Lenovo ThinkPad X1 Yoga Long-Term Review - OLED is AMAZING!
Intro, Exterior and Internal Features
Lenovo sent over an OLED-equipped ThinkPad X1 Yoga a while back. I was mid-development on our client SSD test suite and had some upcoming travel. Given that the new suite’s result number crunching spreadsheet ends extends out to column FHY (4289 for those counting), I really needed a higher res screen and improved computer horsepower in a mobile package. I commandeered the X1 Yoga OLED for the trip and to say it grew on me quickly is an understatement. While I do tend to reserve my heavier duty computing tasks and crazy spreadsheets for desktop machines and 40” 4K displays, the compute power of the X1 Yoga proved itself quite reasonable for a mobile platform. Sure there is a built in pen that comes in handy when employing the Yoga’s flip over convertibility into tablet mode, but the real beauty of this particular laptop comes with its optional 2560x1440 14” OLED display.
OLED is just one of those things you need to see in person to truly appreciate. Photos of these screens just can’t capture the perfect blacks and vivid colors. In productivity use, something about either the pixel pattern or the amazing contrast made me feel like the effective resolution of the panel was higher than its rating. It really is a shame that you are likely reading this article on an LCD, because the OLED panel on this particular model of Lenovo laptop really is the superstar. I’ll dive more into the display later on, but for now let’s cover the basics:
On the left edge, we have the power connector (not shared with a USB port as we have seen on some other Lenovo models), OneLink dock connector, Mini DisplayPort, and a USB 3 port that (if enabled) can also be used to charge devices even while the X1 is fully shut down.
On the right (viewed inverted), we have a Kensington Lock receptacle, an HDMI out, two more USB 3, a headset jack (with mic), volume up/down buttons, power / standby button, and the integrated stylus port. You can also see one of the bottom/side firing stereo speakers here.

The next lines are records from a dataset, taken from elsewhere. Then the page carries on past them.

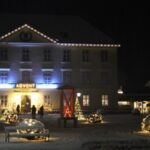 Ein großes Gebäude, das mit Lichtern und einem "ADVENT"-Schild geschmückt ist; beleuchtete Skulpturen und Bäume sind nachts in einem verschneiten Innenhof zu sehen.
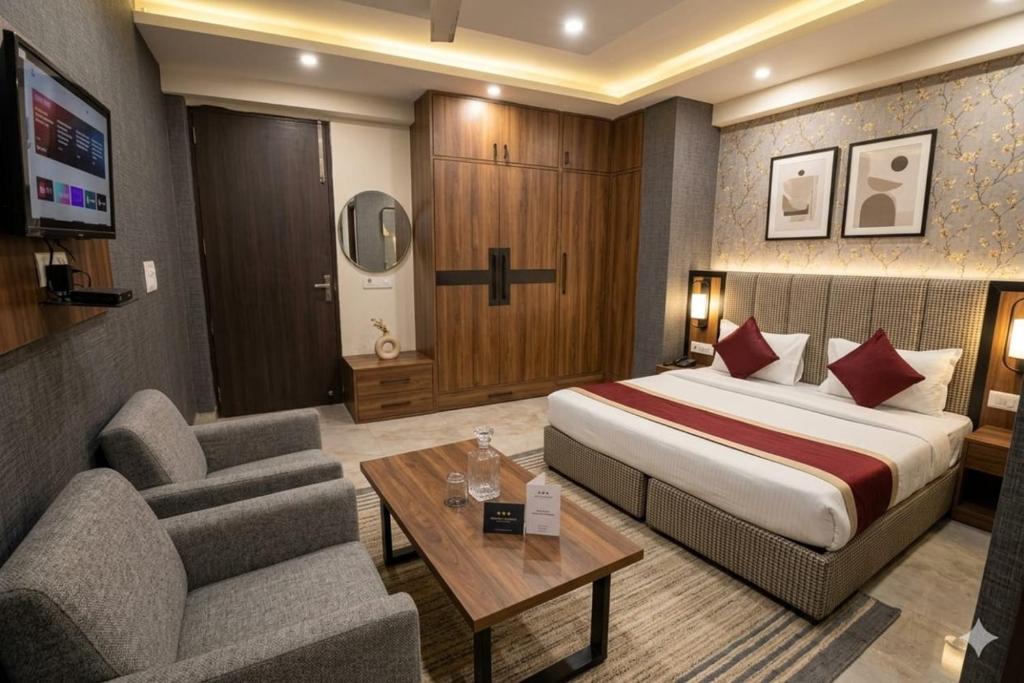 a hotel room with a bed and a living room at Hotel Yuvraj 5 Mints walking from Rajendra Nagar Metro Station in Ghaziabad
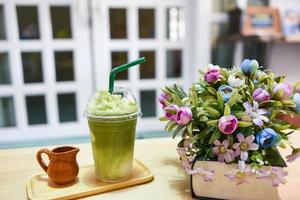 groen thee smoothie - matcha groen thee met melk Aan plastic glas Aan de tafel in een cafe foto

The carbon reinforced lid and magnesium chassis are surprisingly scuff resistant and have held up very well considering it has been lugged around in my daily backpack for months now. The included 65W charger is more than adequate yet compact and can charge from empty in a bit over an hour.
Our sample came reasonably equipped with a Core i5-6300U (Skylake), Samsung SM951 512GB NVMe SSD, and 8GB of RAM. LCD models of the line run in the $1400 range, while OLED will cost a $200 premium.